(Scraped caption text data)
"""

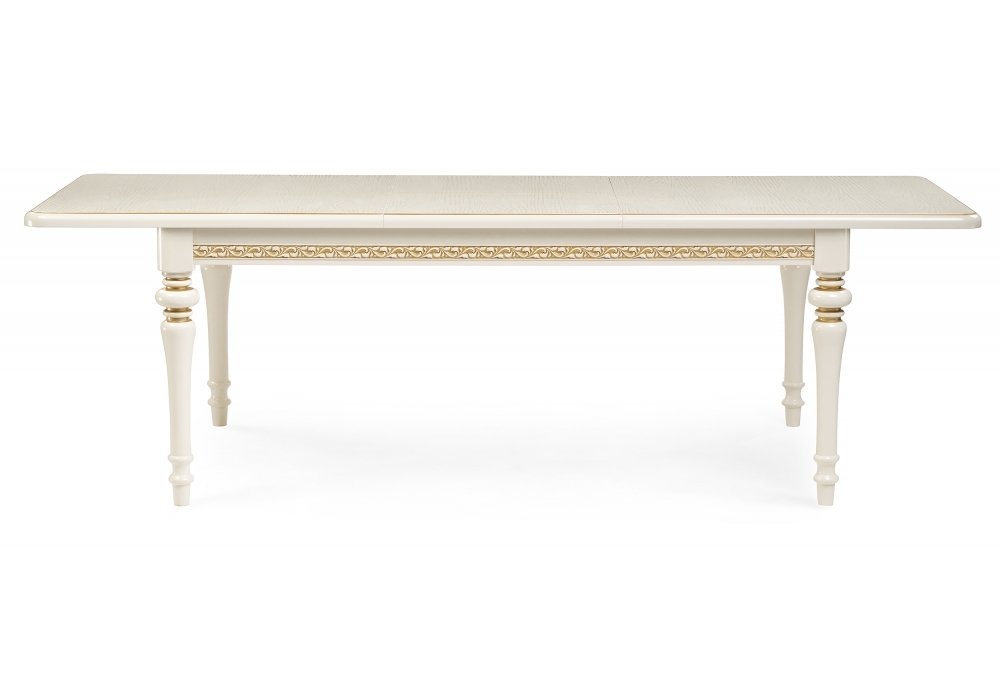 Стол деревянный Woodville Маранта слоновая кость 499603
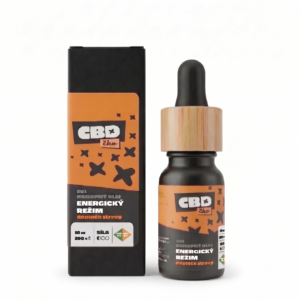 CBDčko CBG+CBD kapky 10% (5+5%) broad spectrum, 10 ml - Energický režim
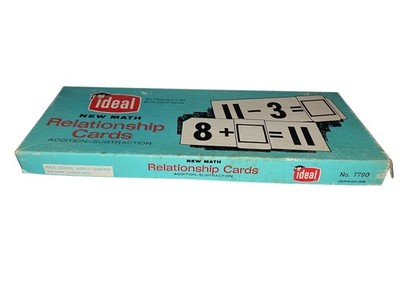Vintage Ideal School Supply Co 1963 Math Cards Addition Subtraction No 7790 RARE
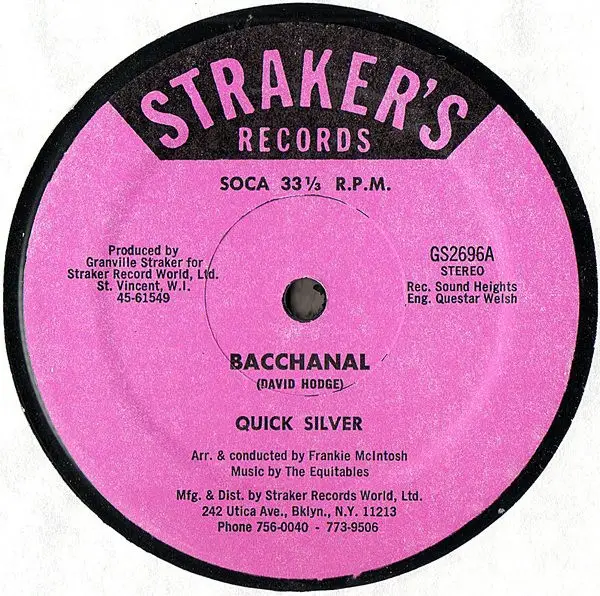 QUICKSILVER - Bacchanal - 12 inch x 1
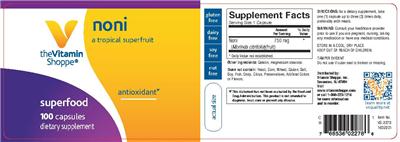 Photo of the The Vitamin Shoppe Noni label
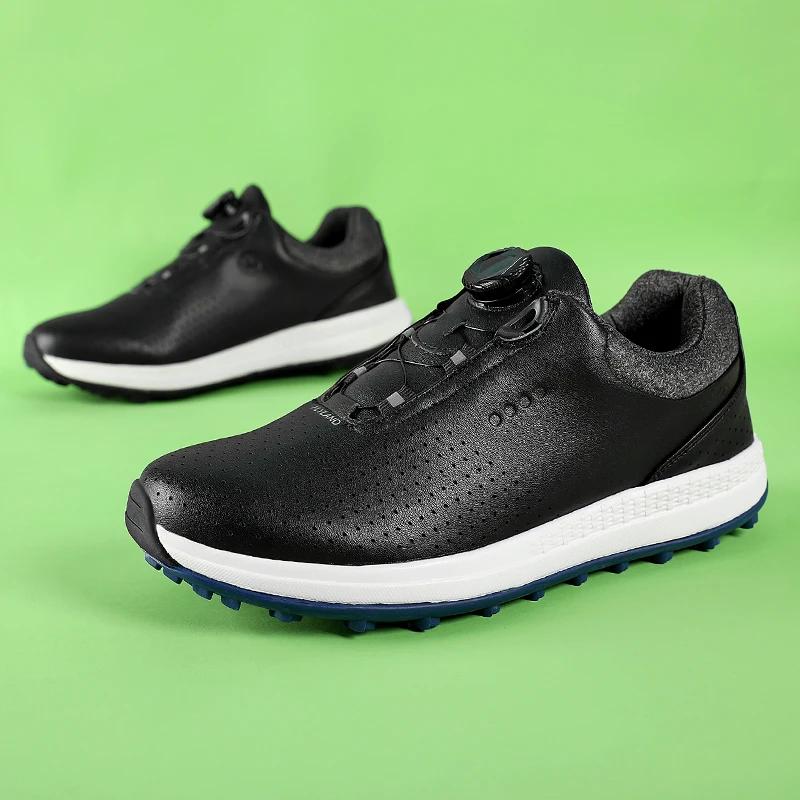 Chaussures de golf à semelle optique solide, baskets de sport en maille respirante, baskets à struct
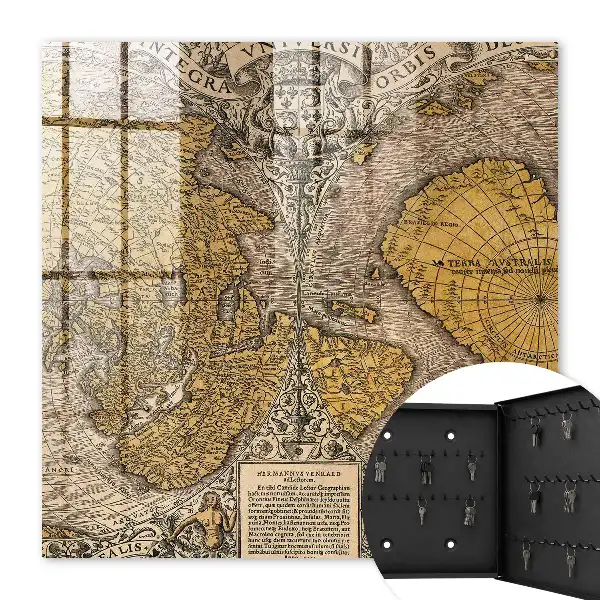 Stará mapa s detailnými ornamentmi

"""

The range runs from the line containing "QUICKSILVER - Bacchanal - 12 inch x 1" through the end of the entries; print those lines exactly and leave the pictures out.

 QUICKSILVER - Bacchanal - 12 inch x 1
 Photo of the The Vitamin Shoppe Noni label
 Chaussures de golf à semelle optique solide, baskets de sport en maille respirante, baskets à struct
 Stará mapa s detailnými ornamentmi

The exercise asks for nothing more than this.